«Miracle! celui que nous croyions un fripon est un saint!»
«Et ils se jettent à genoux, et ils impriment des baisers sur le postérieur, et ils réunissent tous les élèves...»
LA DUCHESSE DE NOAILLES, Marie-Françoise de Bournonville (1654?-1748).

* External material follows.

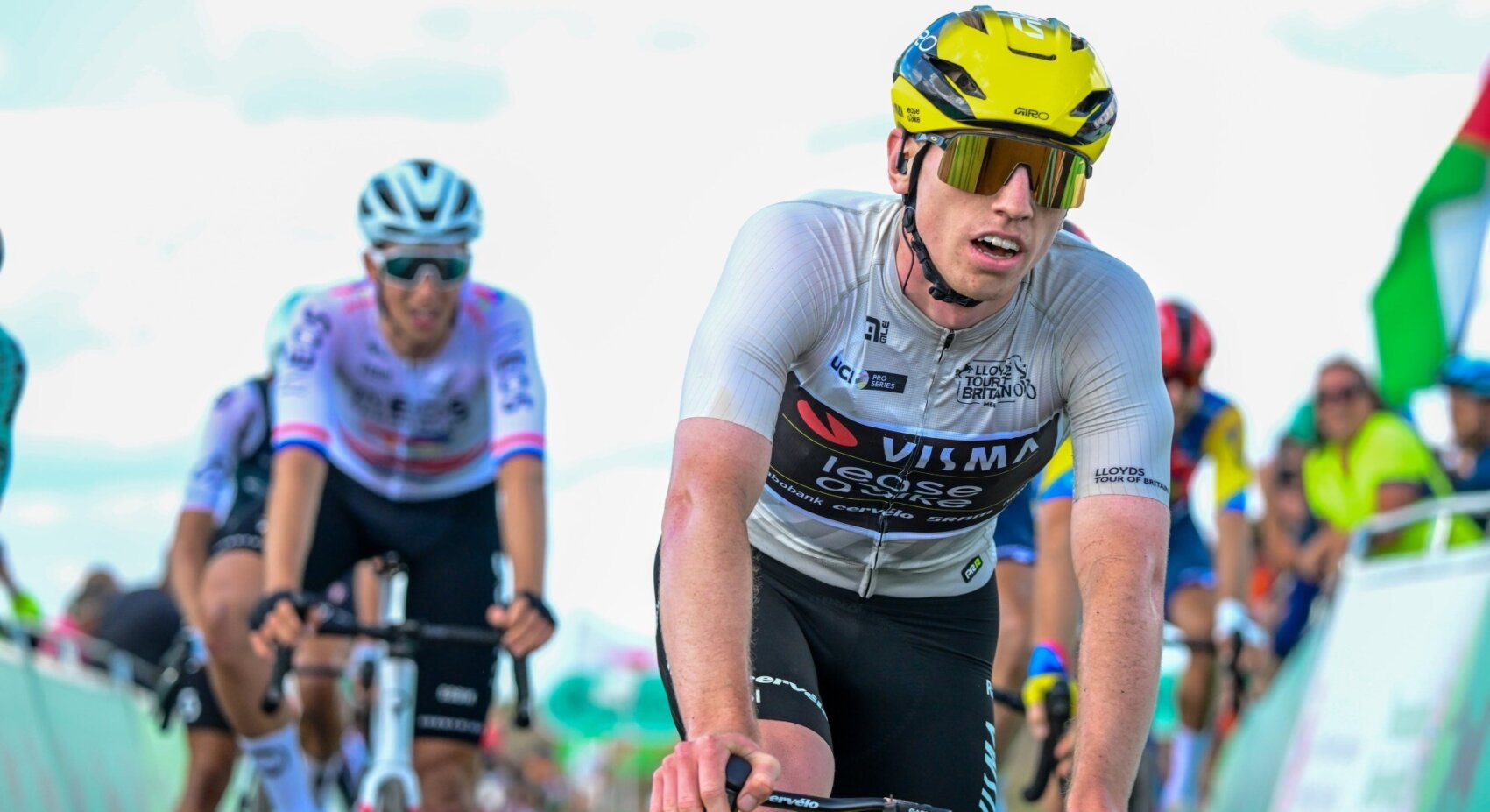 Team Visma | Lease a Bike kan niet meestrijden om de zege in zware finale vierde etappe Tour of Britain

«Femme d'un esprit supérieur», dit d'elle Ludovic Lalanne. Elle donna le jour à vingt et un enfants, et mourut à quatre-vingt-quatorze ans[ [200].
La DUCHESSE DE LESDIGUIÈRES, Paule-Françoise Marguerite de Gondi de Retz (1655-1716)[ [201].
Elle est surtout connue par son intimité avec l'archevêque de Paris François de Harlay, qui la voyait «tous les jours de sa vie, ou chez elle ou à Conflans, dont il avoit fait un jardin délicieux, et qu'il tenoit si propre, qu'à mesure qu'ils s'y promenoient tous deux, des jardiniers les suivoient à distance pour effacer leurs pas avec des râteaux... La duchesse de Lesdiguières n'y couchoit jamais (à Conflans), mais elle y alloit toutes les après-dînées, et toujours tous deux tout seuls. Le 6 août (1695), il (l'archevêque) passa la matinée à son ordinaire jusqu'au dîner. Son maître d'hôtel vint l'avertir qu'il étoit servi. Il le trouva dans son cabinet, assis sur un canapé et renversé; il étoit mort[ [202].»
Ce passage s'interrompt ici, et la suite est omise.